## Task item
Return the following from the records below: each line, word for word, starting with the line that contains "Áo MLB trắng gấu vàng" and going on through the line that contains "67 Meme Groundhog", with nothing outside that range.

## Extracted entries
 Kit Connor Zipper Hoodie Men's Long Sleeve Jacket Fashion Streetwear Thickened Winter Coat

...

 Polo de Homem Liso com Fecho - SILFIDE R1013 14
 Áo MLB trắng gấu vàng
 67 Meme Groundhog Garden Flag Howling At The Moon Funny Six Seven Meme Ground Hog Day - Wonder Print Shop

## Answer box
 Áo MLB trắng gấu vàng
 67 Meme Groundhog Garden Flag Howling At The Moon Funny Six Seven Meme Ground Hog Day - Wonder Print Shop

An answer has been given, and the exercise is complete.